Commutator subgroup of $G=\langle a,b,c,d:a^4=b^2=c^2=d^q=1,ab=ba,ac=ca,bc=cb,d^{-1}ad=b,d^{-1}bd=c,d^{-1}cd=ab \rangle$ Let $$G=\langle a,b,c,d:a^4=b^2=c^2=d^q=1,ab=ba,ac=ca,bc=cb,d^{-1}ad=b,d^{-1}bd=c,d^{-1}cd=ab \rangle$$ be a group of order $8q$, where $q$ is an odd prime. I need to compute its commutator for some research.

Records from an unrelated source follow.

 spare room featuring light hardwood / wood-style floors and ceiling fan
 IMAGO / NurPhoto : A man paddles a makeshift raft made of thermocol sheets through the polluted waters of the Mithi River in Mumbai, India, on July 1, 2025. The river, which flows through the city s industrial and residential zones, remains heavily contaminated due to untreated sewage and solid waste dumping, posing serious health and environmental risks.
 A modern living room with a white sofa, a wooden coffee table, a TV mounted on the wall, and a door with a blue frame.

But I do not that how to proceed.Please help me to short out this problem.
 A: Let $H$ be the subgroup of $G$ generated by $a$, $b$, and $c$.  Observe that $H$ is isomorphic to $C_2^3$, where $C_n$ is the cyclic group of order $n$.  Prove that $H$ is a normal subgroup of $G$.  Now, $G/H$ is a group of order $q$, which must then be isomorphic to the cyclic group $C_q$ (i.e., $G/H$ is abelian). 

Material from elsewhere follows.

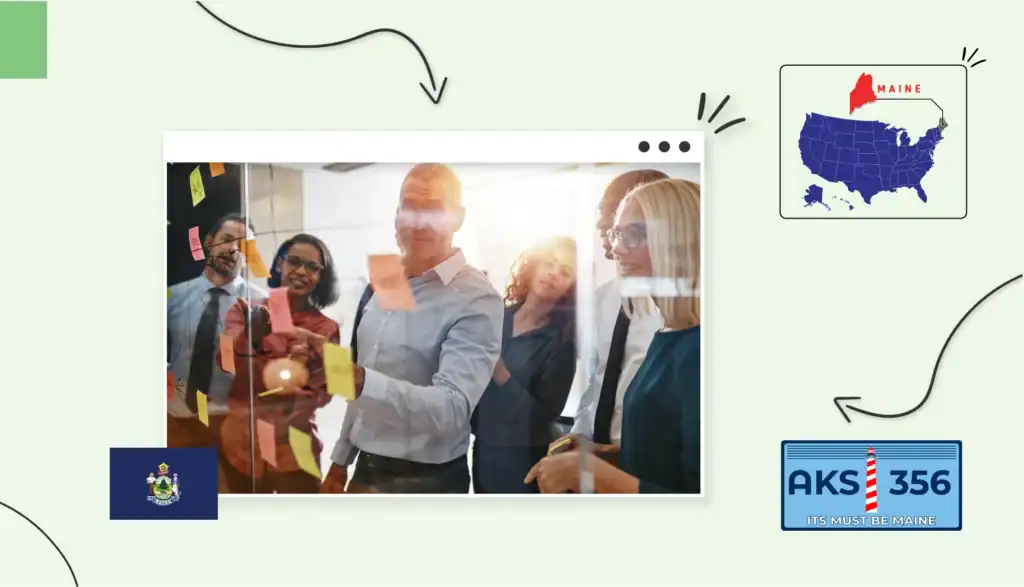 Small business owners looking at sticky notes on a board in Maine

If $K$ denotes the commutator subgroup of $G$, then we must have $K\leq H$ since $G/H$ is abelian.  You now have to show that $K=H$.
We can determine $G$ precisely from the given information.  Identify $H\cong C_2^3$ with the vector space $\mathbb{F}_2^3$, and identify $a$, $b$, and $c$ with the vectors $(1,0,0)$, $(0,1,0)$, and $(0,0,1)$ respectively.  Then, the conjugation by $d^{-1}$ (i.e., the map $x\mapsto d^{-1}xd$ for $x\in H$) is given by the matrix
$$\mathbf{D}:=\begin{bmatrix}0&0&1\\1&0&1\\0&1&0\end{bmatrix}\,.$$  Thus, $\mathbf{D}^7$ is the identity matrix (over $\mathbb{F}_2$).  However, $\mathbf{D}^q$ is also the identity matrix (as $d^q=1$).  This shows that $q=7$.  Consequently, $G$ is isomorphic to $\mathbb{F}_2^3\rtimes \langle \mathbf{D}\rangle\cong C_2^3\rtimes C_7$ with the group multiplication $$(\mathbf{x},\mathbf{D}^k)\cdot (\mathbf{y},\mathbf{D}^l):=(\mathbf{x}+\mathbf{D}^k\mathbf{y},\mathbf{D}^{k+l})$$
for all $\mathbf{x},\mathbf{y}\in\mathbb{F}_2^3$ and $k,l\in\mathbb{Z}/7\mathbb{Z}$.  (The element $d$ of $G$ is identified with $(\mathbf{0},\mathbf{D}^{-1})$, for example.)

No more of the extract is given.